Pas grand-chose, concernant son œuvre, serions-nous tentés de lui dire. Son art ne cesse de mûrir sans jamais faiblir. Le temps lui réussit. Ses idées semblent s’éclaircir, son esprit s’adoucir. L’étau qui sépare la beauté de ses démons se desserre et dans leur sillon, l’espoir fait son nid. Pomme se console. Et se pardonne.
Nostalgie de l’enfance, féminisme, mort en latence, écologie… en dépit des apparences, ces thématiques chères à Pomme ne sont pas un éloge à la démence de notre société, ne font pas non plus d’elle un concentré de doutes et de mélancolie. Seulement, pour elle, atteindre l’âge adulte, c’est prendre conscience de notre nature humaine dans son ensemble, c’est rompre avec le déni, éteindre la candeur et l’insouciance pour mieux les rallumer.
C’est raviver ce soleil de plomb malgré les responsabilités en sachant qu’il nous faudra « braver le froid » et « sentir le danger » de jour comme de nuit. Mais c’est en cela que le bonheur s’accomplit, il n’est plus fictif ni illusoire, il est entier, brut et sincère. Surtout mérité.

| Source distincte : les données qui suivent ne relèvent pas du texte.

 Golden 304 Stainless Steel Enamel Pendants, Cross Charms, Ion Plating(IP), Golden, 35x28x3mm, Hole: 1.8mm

Pomme remonte le temps pour mieux convoquer l’avenir, ainsi consolation réveille un à un les souvenirs d’enfance, à commencer par jardin qui, sur une instru rythmée, entraînante, de celles qui font remuer la tête de haut en bas, de droite à gauche, ratisse les odeurs, les goûts et même les violences de l’âge tendre, où la vie s’étire dans le moment présent, souvent guidée par les rêves et les passions fulgurantes.

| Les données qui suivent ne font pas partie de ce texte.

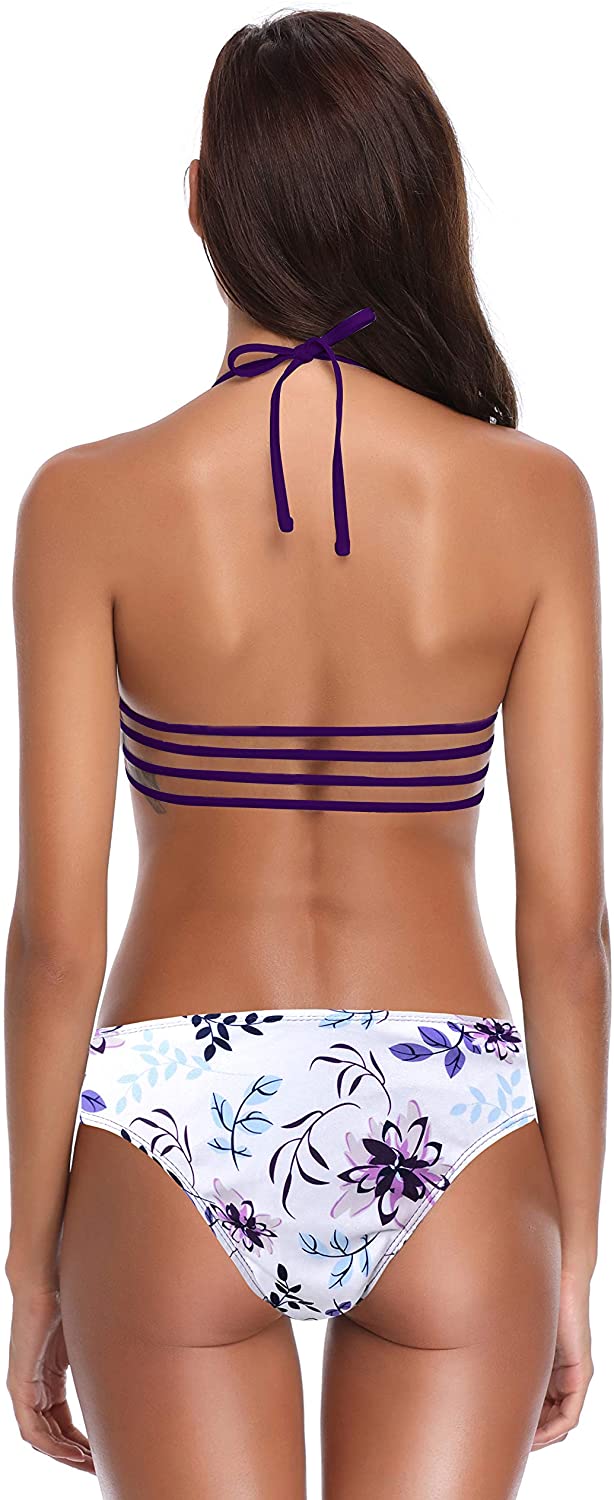 SHEKINI Women's Floral Printing Cutout Strappy Halter Swimsuits Bikini Suits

Comme on consulte, vingt ans plus tard, un vieil album photo, Pomme se les remémore un à un dans une nostalgie exponentielle, qui atteint son paroxysme lorsqu’elle se questionne : « qu’est-ce qui me manque tant… pourquoi j’y pense encore autant.. » Retour sur l’instru et les ronds de tête, retour sur l’étalage des photos en papier glacé et une Pomme toujours aussi hantée par les souvenirs, qui parvient à nous plonger dans les nôtres et à nous faire ressentir cette douceur amère contagieuse.
dans mes rêves repart dans l’acoustique et Pomme, armée de son piano, diffuse quelques gouttes d’eau de pluie, des larmes de joie insouciante, ou plus simplement ces bribes de mots dont débordait son coeur d’enfant, ces mots qui composaient sa vie sans qu’elle s’en aperçoive. Au refrain, où résonne le mot rêve, à en réveiller tout un village endormi – ce mot rêve qui s’étend comme un cours d’eau à travers la vallée – les violons interviennent et tous les poils se dressent.

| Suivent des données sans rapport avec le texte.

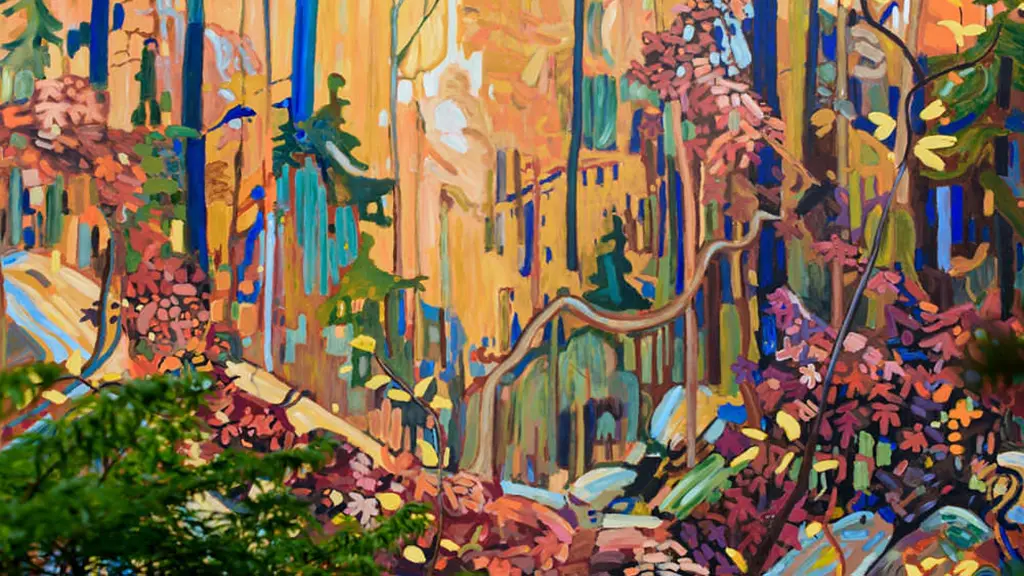 A large outdoor mural representation of the Group of Seven artwork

La chanson raconte le mystère des desseins que la vie nous réserve, cette loterie des rêves, en s’adressant à la jeune Pomme qu’elle était – enfant tiraillée entre l’aveuglement et les espoirs muets, sans doute inconscients – et à l’adulte qu’elle est devenue, la chanteuse au destin entamé, la femme et ses résolutions personnelles, ses combats et sa place à trouver dans le monde.
Celle qui ne l’a jamais trouvée, sa place, à vivre dans le noir au point de lui succomber, c’est l’écrivaine Nelly Arcan. Pomme l’eût volontiers prise dans ses bras avant qu’elle ne tombe dans ceux de la mort. nelly voue un hommage saisissant à cette âme fauchée, écrit l’histoire d’une consolation manquée, pour ainsi dire. D’emblée une Pomme fredonnant un air mi-tendre mi-élégiaque, cela annonce la couleur, plutôt terne, qui va suivre.
Pomme dépose du bout des lèvres un bouquet de roses noires, de paroles immortelles qui ne seront jamais entendues, ou peut-être un jour le sait-on, chez elle l’ésotérisme n’est pas exclu, ni dans ses chansons ni dans ses cauchemars d’adultes.
la rivière : on note l’omniprésence de la nature dans l’œuvre de Pomme, et en partie de l’eau, cette substance vitale, mystique, celle qui se transforme en neige avant de fondre par notre faute, son cycle mystérieux, son mouvement permanent. les cours d’eau, dans son précédent album Les Failles, envoyait un flot de patience sur le courant de l’espoir, le fleuve du hasard. les cours d’eau, la rivière, leur constance, leur surface lisse, abritent la vérité dans leurs abîmes, le clair-obscur, la rencontre de la vie et de la mort dans l’incertitude de notre avenir, leur présence dans nos yeux mi-clos.
Les autres titres, septembre, bleu, tombeau, convoquent le paradis et l’enfer, l’été et l’hiver, les blessures et la résurrection avec autant de poésie et d’incandescence qu’il y a de de secrets et de joies cachées dans l’univers de Pomme.